■ Exercise: Using the data below, restate exactly every line from the one with "Solo Max-Level Newbie Chapter 236 Image 1" up to and including the one with "ITN - Norouz". No picture belongs in it.

■ Extracted information:
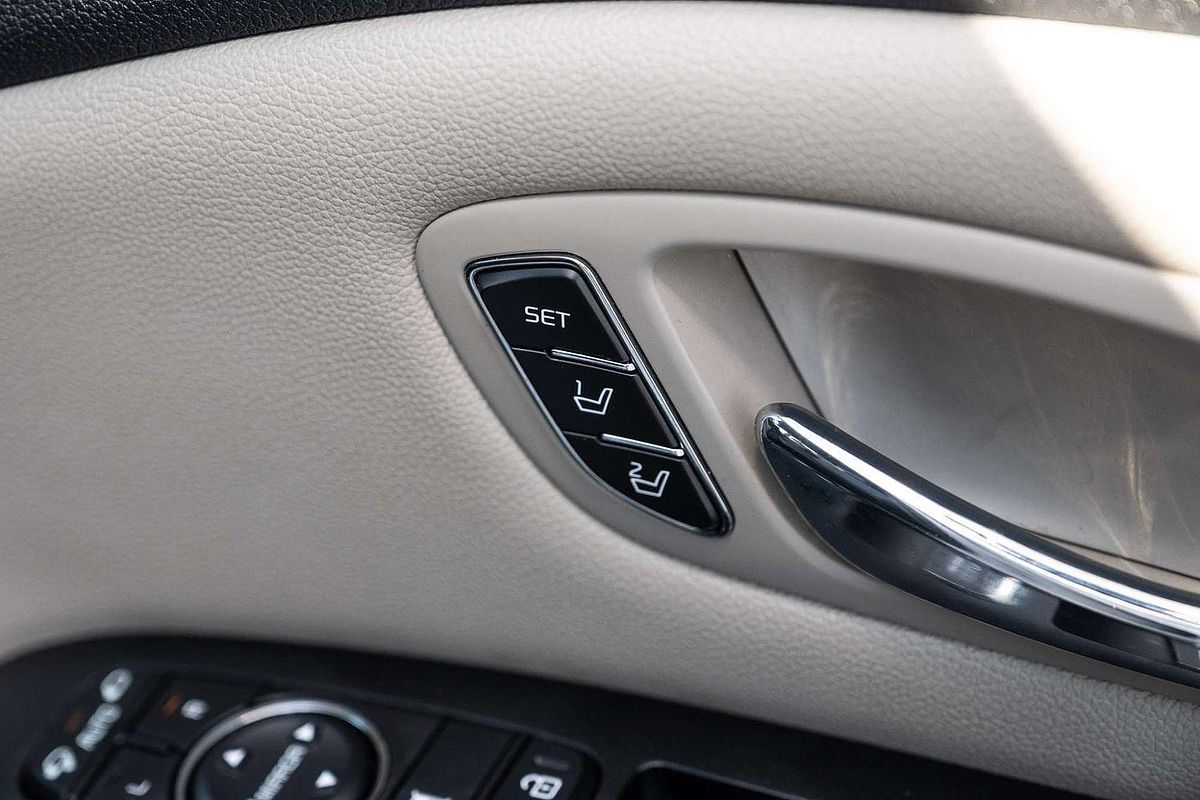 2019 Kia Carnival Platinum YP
* * *
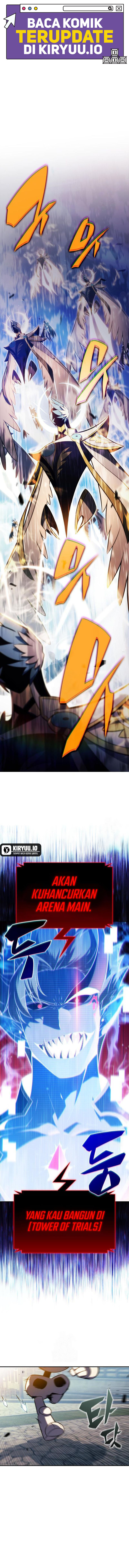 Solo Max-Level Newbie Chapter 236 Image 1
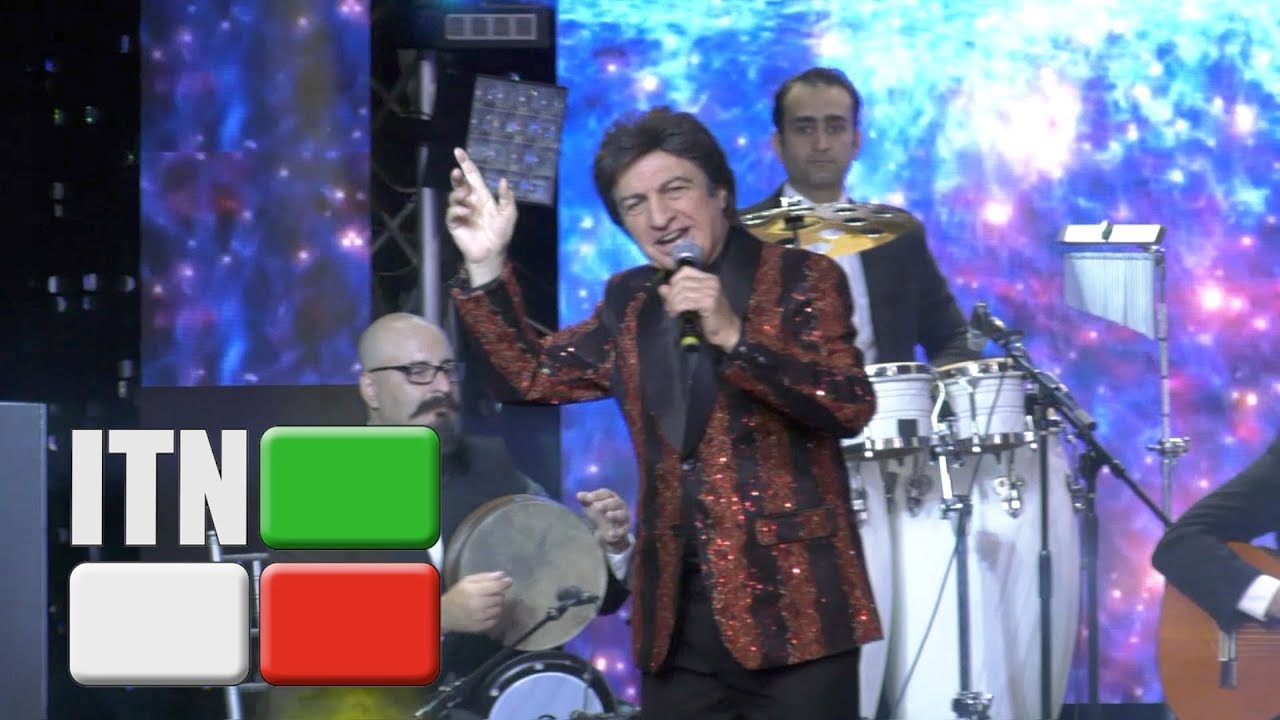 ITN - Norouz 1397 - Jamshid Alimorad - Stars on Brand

■ Answer section:
 Solo Max-Level Newbie Chapter 236 Image 1
 ITN - Norouz 1397 - Jamshid Alimorad - Stars on Brand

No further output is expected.